La Suprema Corte ha sottolineato che la distinzione va individuata nel fatto che, nella prima ipotesi, l’agente mantiene un comportamento meramente passivo, mentre nel concorso è richiesto un contributo nell’occultamento, custodia e controllo dello stupefacente, finalizzati ad evitare che venga rinvenuto e quindi a protrarne l’illegittima detenzione.

La giurisprudenza di legittimità, in buona sostanza, ha specificato che il comportamento, estrinsecato in maniera concreta, consapevole e volontaria, nell’occultamento, custodia e controllo della sostanza stupefacente, deve essere chiaramente finalizzato ad evitare che la stessa sia rinvenuta, non essendo per altro neanche sufficiente, la conoscenza della attuazione del reato da parte di altri.

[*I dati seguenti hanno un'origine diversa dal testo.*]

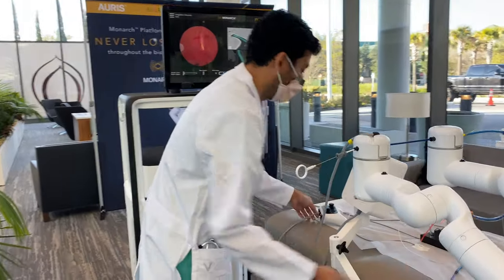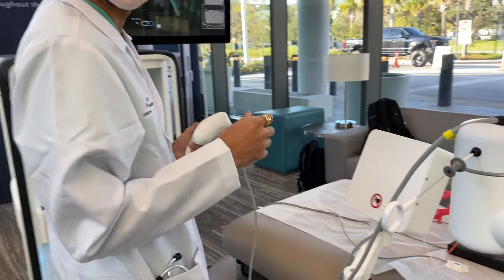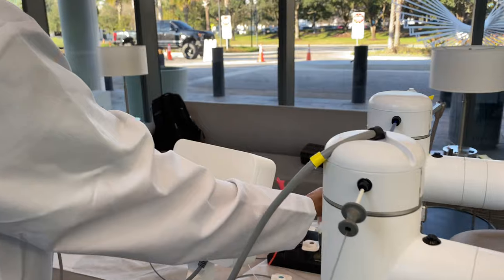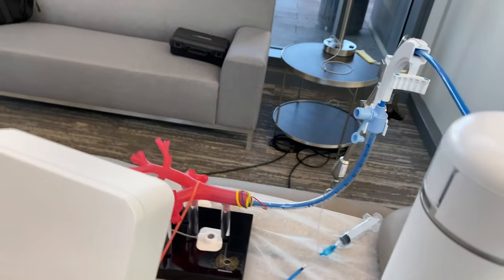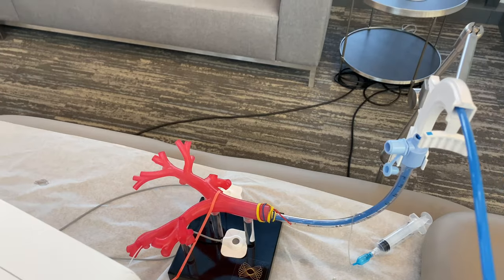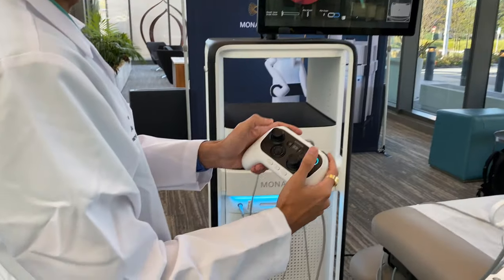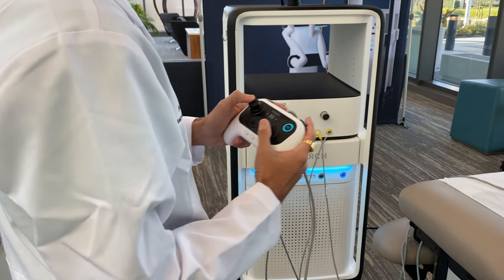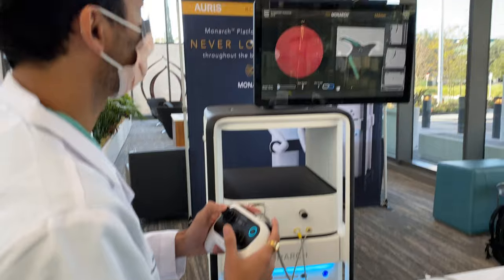So let's start the demonstration. We have no difference in airway management for the patient. It starts with a breathing tool for the patient, as demonstrated here, and we have a lung model that's colored in red. So now we're going to start with the controller here. We have joysticks and other functions, and I'm going to try and guide everyone as we drive to our target.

Dunque, la sola presenza sul luogo del reato, rende punibile l’agente a titolo di concorso, solo qualora abbia partecipato o comunque facilitato la realizzazione del reato, essendo consapevole del proposito criminoso dell’esecutore.
La presenza sul luogo del reato, purché non meramente casuale, deve palesare una chiara adesione alla condotta dell’autore del fatto criminoso, adatta a fornire copertura all’azione illecita. (cfr.Cass. 34985/2015)

La sottile linea di confine tra i due comportamenti, determina una ben diversa trattabilità da un punto di vista giuridico e penale, nella volontà di non punire in maniera eccessiva, chi si trova soltanto ad assistere e non attui una volontà criminosa, che si manifesti con un concorso di colpa nella fattispecie di reato.